She won long applause from party delegates as she said: “We did not get the victory we wanted because our national campaign fell short.
“It was too scripted. Too presidential.
Energy price cap
The government will publish a bill to cap energy prices next week, Theresa May announced.
She told the conference that it was now clear that the energy market was “broken” and that those being “punished” by higher prices were the most loyal customers, often the poor, elderly and less-educated and those in rented homes.
New homes boost
The Prime Minister announced a major boost to council house building, with an additional £2 billion of Government money to fund affordable homes.
She promised to ‘renew the British dream for a new generation of young people” who feel they have been locked out of economic progress.’
She said: ‘We did not get the victory we wanted because our national campaign fell short.
‘It was too scripted. Too presidential.
‘And it allowed the Labour Party to paint us as the voice of continuity when the public wanted to hear a message of change.
‘I hold my hands up for that. I take responsibility. I led the campaign.

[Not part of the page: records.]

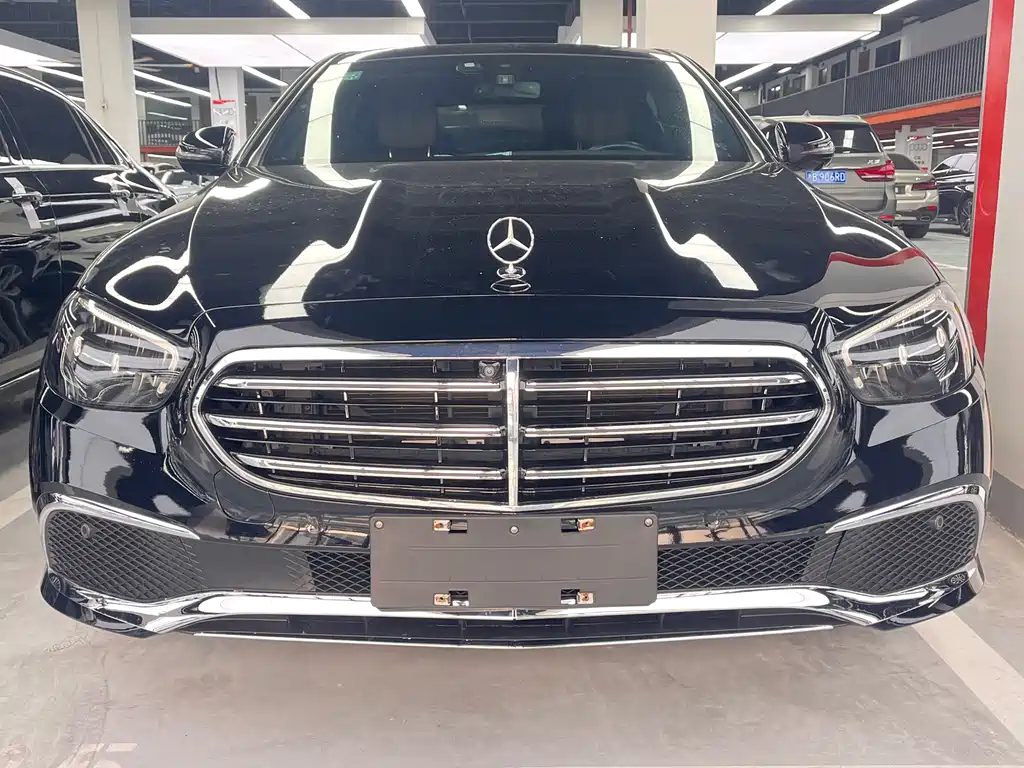 Mercedes-Benz E-Class — миниатюра 2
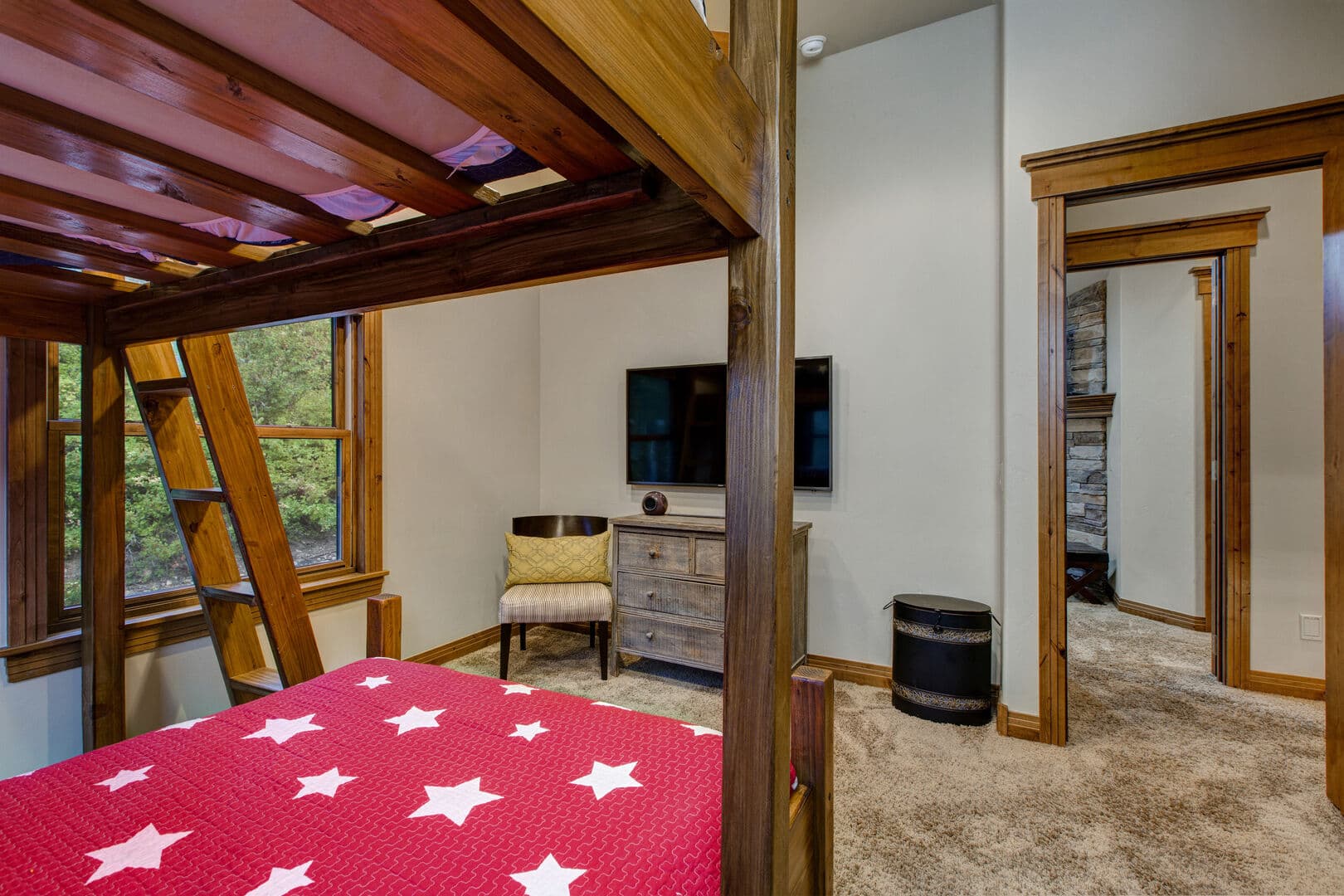 Daly Canyon House - Image 23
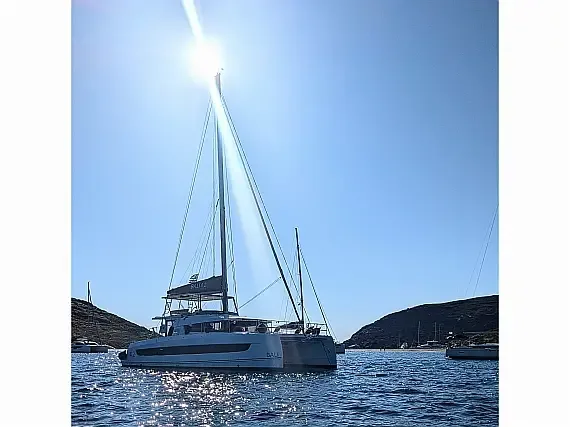 Bali 4.2 in Lavrion Main Port - image 1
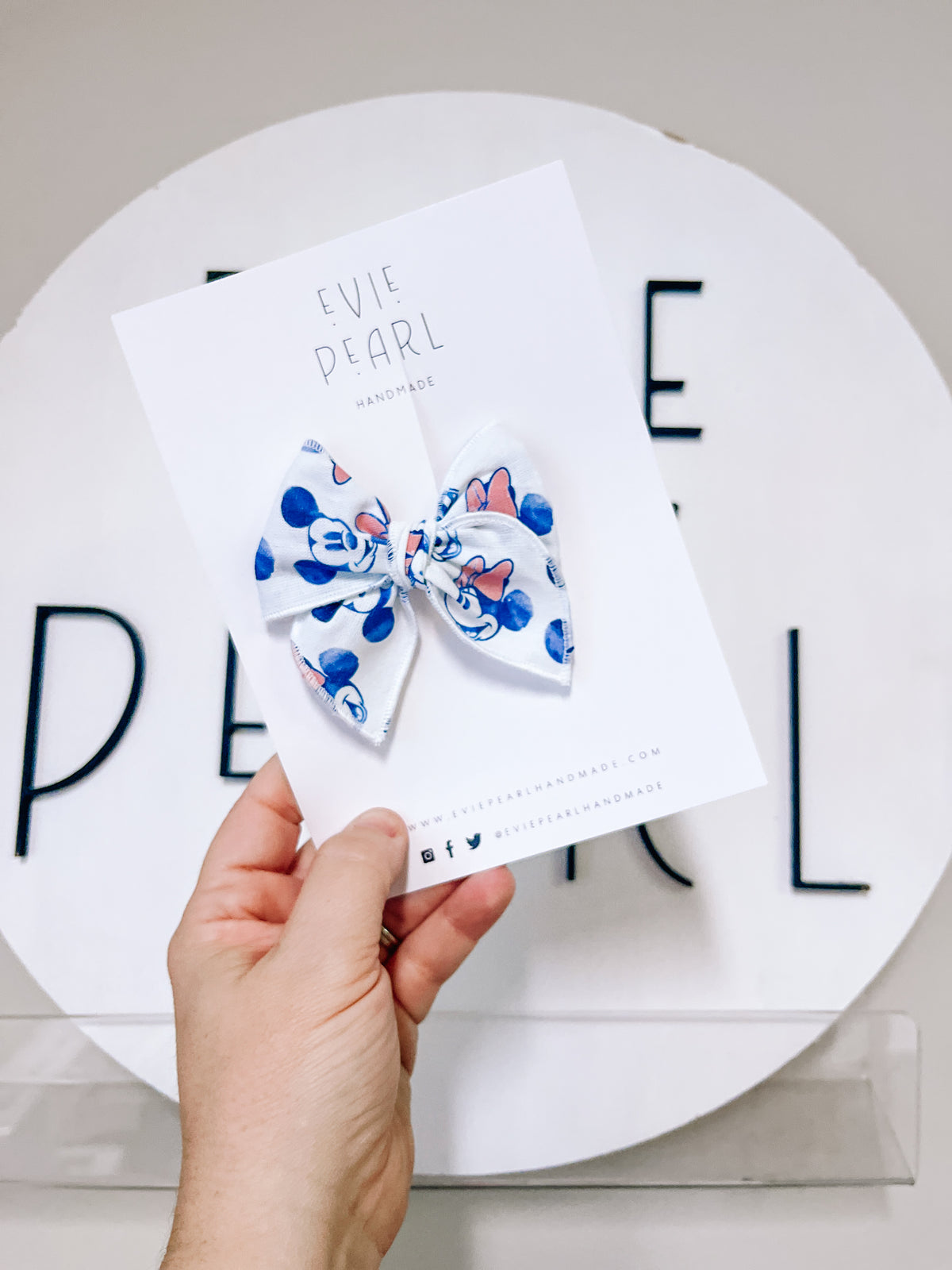 White Minnie small bow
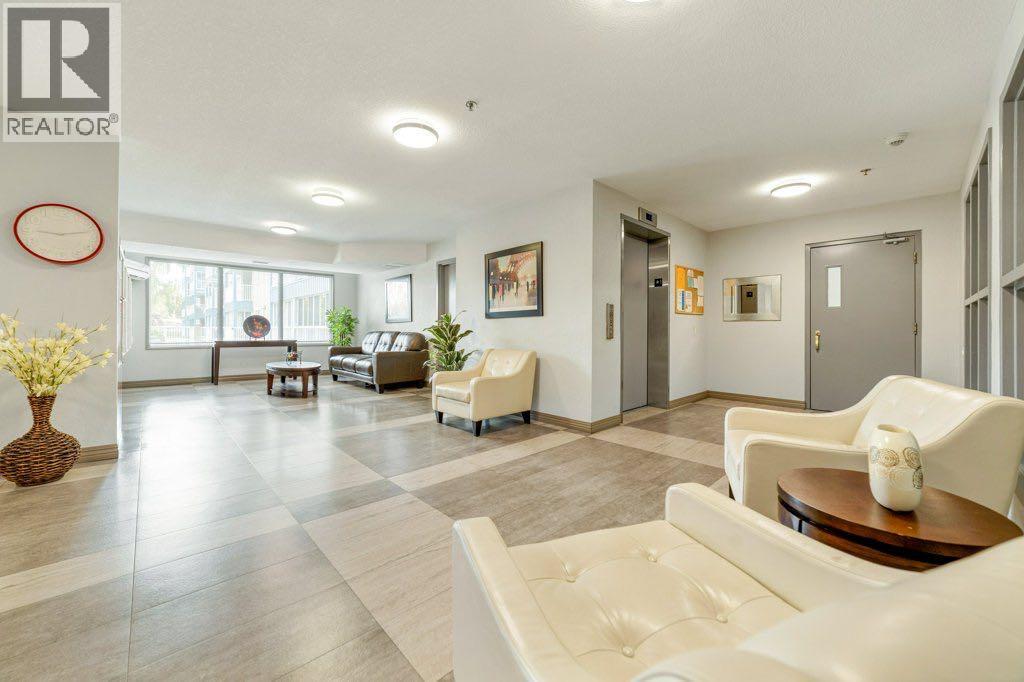 75 1 Avenue South Property Photo 3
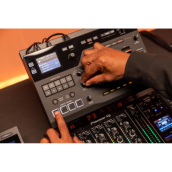 �J���[�o���G�[�V����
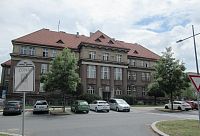 Kladno - dnes okresní soud, dříve revírní bratrská pokladna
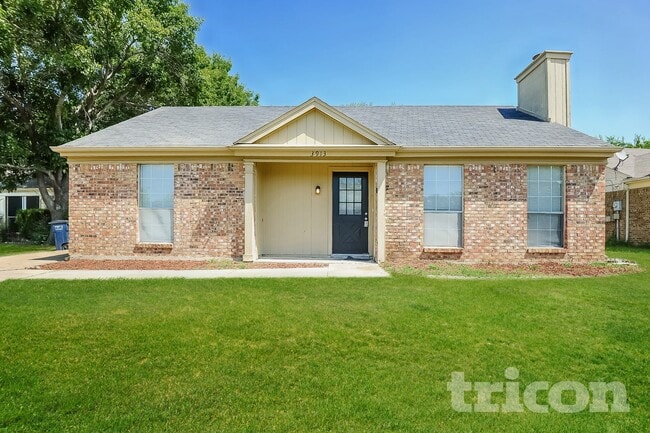 Photo - 3913 Big Leaf Ln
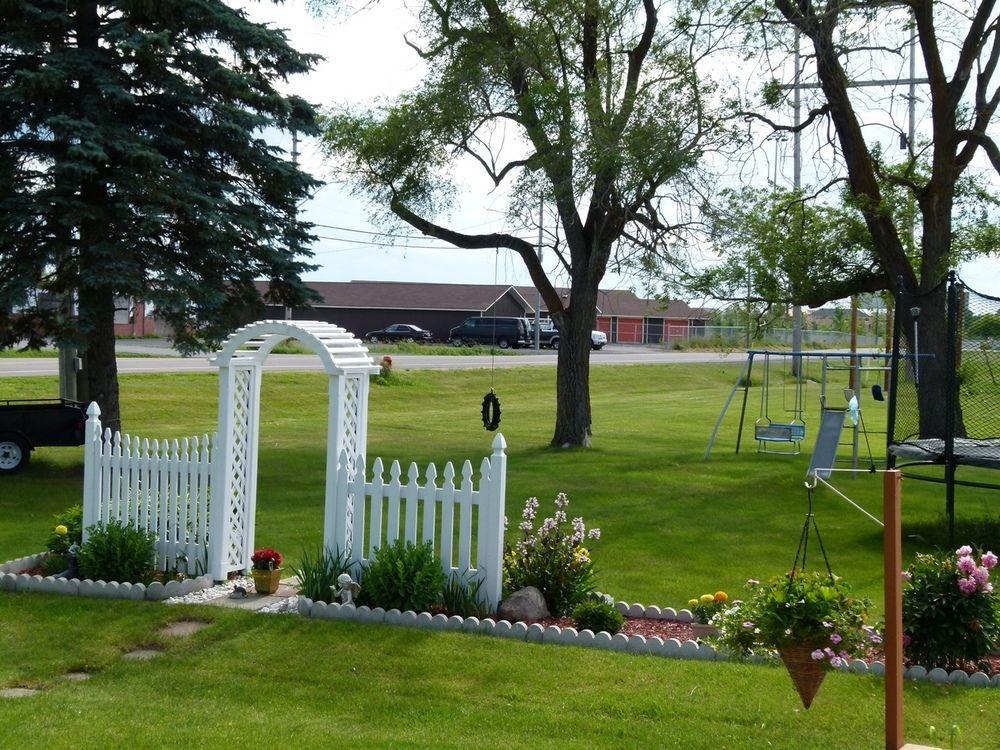 Country Squire Motel Arnprior Exterior foto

And I am sorry.’
Mental health act review
Mrs May announced that an expert will lead a review of the Mental Health Act to tackle injustice and discrimination in the system.
She said Professor Sir Simon Wessely would review the legislation to address ‘widespread concern’ that the act is open to misuse.
‘Detention rates under the Mental Health Act are too high,’ she told the Manchester crowd.
The lack of progress in the Brexit talks received a mention, with Mrs May insisting that she was ‘confident we will find a deal that works for Britain and Europe too’ and would usher in ‘a global Britain that stands tall in the world’.
And she explicitly stated that the Government was preparing for the possibility that no deal will be reached.
In an olive branch to critics of her refusal unilaterally to offer EU citizens in the UK the right to stay, she sent a message to the three million EU expats living in Britain: ‘We want you to stay.’